MyISAM also supports the following things, which MySQL will be able to use in the near future.
  • Support for a true VARCHAR type; A VARCHAR column starts with a length stored in 2 bytes.
  • Tables with VARCHAR may have fixed or dynamic record length.
  • VARCHAR and CHAR may be up to 64K. All key segments have their own language definition. This will enable MySQL to have different language definitions per column.
  • A hashed computed index can be used for UNIQUE; This will allow you to have UNIQUE on any combination of columns in a table. (You can't search on a UNIQUE computed index, however.)
You can also use the deprecated ISAM table type. This will disappear in rather soon since MyISAM is a better implementation of the same thing. ISAM uses a B-tree index. The index is stored in a file with the .ISM extension and the data is stored in file with the .ISD extension. You can check/repair ISAM tables with the isamchk utility. See section 13.4 Using myisamchk for crash recovery. ISAM tables are not binary portable across OS/Platforms. ISAM has the following features/properties:
  • Compressed and fixed length keys
  • Fixed and dynamic record length
  • 16 keys with 16 key parts / key
  • Max key length 256 (default)
  • Data is stored in machine format; Fast but is machine/OS dependent.
@bullet{HEAP}
HEAP tables use a hashed index and are stored in memory. This makes them very fast, but if MySQL crashes you will lose all data stored in them. HEAP is very usable as temporary tables!
CREATE TABLE test TYPE=HEAP SELECT ip,SUM(downloads) as down
        FROM log_table GROUP BY ip;
SELECT COUNT(ip),AVG(down) FROM test;
DROP TABLE test;
Here are some things you should consider when you use HEAP tables:
  • You should always use specify MAX_ROWS in the CREATE statement to ensure that you accidently do not use all memory.
  • Indexes will only be used with = and <=> (but are VERY fast).
  • HEAP tables uses a fixed record length format.
  • HEAP doesn't support BLOB/TEXT columns.
  • HEAP doesn't support AUTO_INCREMENT columns.
  • HEAP doesn't support an index on a NULL column.

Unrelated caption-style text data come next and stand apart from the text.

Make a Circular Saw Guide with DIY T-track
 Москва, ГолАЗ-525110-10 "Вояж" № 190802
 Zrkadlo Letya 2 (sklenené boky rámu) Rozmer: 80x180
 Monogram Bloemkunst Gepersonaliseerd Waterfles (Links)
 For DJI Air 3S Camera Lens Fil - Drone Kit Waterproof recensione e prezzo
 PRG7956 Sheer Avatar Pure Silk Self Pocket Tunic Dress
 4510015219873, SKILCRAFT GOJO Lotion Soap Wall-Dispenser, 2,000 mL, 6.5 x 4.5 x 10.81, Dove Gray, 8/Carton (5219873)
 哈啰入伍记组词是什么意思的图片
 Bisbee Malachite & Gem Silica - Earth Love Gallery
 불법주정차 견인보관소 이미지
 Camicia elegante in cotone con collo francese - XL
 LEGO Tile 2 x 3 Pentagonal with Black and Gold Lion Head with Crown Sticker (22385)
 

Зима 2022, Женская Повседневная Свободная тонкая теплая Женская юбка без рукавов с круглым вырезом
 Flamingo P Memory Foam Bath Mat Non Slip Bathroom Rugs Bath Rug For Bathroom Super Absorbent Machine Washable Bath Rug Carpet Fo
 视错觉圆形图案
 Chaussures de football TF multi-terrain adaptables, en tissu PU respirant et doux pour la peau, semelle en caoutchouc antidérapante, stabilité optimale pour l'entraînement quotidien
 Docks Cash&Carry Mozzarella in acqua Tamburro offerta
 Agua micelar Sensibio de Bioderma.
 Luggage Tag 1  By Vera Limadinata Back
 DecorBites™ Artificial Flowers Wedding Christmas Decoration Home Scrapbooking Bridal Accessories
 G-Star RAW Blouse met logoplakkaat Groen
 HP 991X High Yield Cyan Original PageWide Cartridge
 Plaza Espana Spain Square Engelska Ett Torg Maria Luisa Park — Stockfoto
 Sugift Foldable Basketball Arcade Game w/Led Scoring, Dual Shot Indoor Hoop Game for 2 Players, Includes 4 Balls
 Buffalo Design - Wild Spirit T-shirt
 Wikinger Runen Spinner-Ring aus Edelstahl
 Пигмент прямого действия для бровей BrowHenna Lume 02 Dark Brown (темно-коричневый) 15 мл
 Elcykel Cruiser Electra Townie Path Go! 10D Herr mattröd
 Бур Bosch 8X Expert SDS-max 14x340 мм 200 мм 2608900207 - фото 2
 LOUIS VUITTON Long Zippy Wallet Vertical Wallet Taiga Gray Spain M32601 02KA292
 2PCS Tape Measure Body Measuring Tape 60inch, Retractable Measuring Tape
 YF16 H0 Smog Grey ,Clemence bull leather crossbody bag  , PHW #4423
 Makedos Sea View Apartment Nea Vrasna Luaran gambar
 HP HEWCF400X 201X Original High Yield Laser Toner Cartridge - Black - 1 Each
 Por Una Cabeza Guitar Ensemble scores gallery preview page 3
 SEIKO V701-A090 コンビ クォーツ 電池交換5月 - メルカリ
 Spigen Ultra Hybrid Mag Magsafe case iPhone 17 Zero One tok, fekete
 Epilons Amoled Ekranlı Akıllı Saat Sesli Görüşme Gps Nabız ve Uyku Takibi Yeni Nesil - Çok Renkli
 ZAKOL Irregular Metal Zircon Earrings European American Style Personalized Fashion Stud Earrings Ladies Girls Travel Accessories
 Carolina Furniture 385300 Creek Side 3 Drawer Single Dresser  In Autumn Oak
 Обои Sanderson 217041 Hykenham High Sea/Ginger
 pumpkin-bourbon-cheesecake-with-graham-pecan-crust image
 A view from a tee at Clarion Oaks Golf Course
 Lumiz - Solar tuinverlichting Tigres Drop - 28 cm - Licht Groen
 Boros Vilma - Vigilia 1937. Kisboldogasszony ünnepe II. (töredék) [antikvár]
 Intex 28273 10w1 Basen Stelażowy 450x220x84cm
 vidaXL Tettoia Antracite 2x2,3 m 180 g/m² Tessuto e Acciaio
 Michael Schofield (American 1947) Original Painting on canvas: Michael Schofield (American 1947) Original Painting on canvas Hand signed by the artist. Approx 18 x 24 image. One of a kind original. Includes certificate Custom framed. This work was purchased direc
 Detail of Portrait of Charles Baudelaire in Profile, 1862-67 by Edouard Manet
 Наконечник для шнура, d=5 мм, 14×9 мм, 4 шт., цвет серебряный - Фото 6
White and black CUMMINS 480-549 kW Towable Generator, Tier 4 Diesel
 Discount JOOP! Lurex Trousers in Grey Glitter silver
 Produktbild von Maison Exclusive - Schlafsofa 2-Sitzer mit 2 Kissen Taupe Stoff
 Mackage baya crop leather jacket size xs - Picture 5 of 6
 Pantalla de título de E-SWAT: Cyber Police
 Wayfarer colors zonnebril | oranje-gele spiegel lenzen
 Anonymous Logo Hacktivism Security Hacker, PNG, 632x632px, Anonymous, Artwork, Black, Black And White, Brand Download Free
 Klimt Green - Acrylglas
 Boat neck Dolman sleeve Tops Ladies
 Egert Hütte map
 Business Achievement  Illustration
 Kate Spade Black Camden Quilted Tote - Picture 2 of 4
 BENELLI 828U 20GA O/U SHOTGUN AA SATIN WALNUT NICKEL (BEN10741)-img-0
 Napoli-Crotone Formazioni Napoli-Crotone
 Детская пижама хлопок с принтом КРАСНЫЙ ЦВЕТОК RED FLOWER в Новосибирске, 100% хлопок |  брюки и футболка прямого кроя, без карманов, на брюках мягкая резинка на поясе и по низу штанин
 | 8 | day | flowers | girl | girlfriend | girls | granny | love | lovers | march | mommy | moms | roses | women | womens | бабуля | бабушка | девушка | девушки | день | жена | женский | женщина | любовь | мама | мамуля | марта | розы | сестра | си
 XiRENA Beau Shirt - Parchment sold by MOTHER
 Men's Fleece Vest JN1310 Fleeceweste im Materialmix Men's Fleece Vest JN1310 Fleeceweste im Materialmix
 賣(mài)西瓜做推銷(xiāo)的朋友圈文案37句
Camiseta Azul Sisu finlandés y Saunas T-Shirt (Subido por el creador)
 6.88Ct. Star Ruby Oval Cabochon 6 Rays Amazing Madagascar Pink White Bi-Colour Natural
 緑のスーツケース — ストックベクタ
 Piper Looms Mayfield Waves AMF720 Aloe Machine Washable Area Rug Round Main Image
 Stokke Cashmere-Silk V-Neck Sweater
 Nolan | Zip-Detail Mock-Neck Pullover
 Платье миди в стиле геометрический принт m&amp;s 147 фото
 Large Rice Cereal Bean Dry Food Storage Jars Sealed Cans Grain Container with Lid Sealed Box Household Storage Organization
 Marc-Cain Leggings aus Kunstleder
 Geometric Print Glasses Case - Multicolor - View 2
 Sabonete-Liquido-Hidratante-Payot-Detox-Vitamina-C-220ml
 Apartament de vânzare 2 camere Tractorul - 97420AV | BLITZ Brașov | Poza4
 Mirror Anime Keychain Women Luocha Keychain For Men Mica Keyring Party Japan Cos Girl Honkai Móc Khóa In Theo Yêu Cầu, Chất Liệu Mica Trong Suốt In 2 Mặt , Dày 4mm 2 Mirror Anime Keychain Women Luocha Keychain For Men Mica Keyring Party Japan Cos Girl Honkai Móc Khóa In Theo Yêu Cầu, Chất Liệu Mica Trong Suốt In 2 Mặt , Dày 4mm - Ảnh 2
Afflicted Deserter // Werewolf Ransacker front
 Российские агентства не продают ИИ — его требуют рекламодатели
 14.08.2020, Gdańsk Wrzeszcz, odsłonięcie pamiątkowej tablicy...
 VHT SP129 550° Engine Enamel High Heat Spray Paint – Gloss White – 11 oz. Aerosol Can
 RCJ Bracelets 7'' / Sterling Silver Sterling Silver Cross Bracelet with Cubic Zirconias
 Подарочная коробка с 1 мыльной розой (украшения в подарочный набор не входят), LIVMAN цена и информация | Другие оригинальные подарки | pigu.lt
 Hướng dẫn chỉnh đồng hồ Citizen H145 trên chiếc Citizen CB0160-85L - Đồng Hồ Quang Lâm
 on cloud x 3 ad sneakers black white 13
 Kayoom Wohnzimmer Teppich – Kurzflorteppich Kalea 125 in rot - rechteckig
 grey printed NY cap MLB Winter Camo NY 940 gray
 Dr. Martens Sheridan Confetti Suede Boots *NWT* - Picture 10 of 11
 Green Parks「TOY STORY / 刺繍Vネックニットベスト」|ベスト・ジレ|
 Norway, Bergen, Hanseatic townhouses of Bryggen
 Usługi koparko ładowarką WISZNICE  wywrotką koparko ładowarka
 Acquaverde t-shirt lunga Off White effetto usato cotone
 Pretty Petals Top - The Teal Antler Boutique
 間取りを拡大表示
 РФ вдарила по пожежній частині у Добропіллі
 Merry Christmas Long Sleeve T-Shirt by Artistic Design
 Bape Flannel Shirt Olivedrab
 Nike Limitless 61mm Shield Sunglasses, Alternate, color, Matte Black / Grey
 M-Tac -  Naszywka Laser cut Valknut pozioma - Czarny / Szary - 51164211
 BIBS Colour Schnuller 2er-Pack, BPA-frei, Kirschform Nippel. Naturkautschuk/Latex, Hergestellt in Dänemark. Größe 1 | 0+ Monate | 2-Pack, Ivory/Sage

  • You can have non-unique keys in a HEAP table (not that normal with hashed tables).
  • HEAP tables are shared between all clients (just like any other table).
  • Data for HEAP tables are allocated in small blocks. The tables are 100% dynamic (on inserting). No overflow areas and no extra key space is needed. Deleted rows are put in a linked list and will be reused when you insert new data into the table.
  • To free memory, you should execute DELETE FROM heap_table or DROP TABLE heap_table.
  • To ensure that you accidentally don't do anything stupid, you can't create HEAP tables bigger than max_heap_table_size.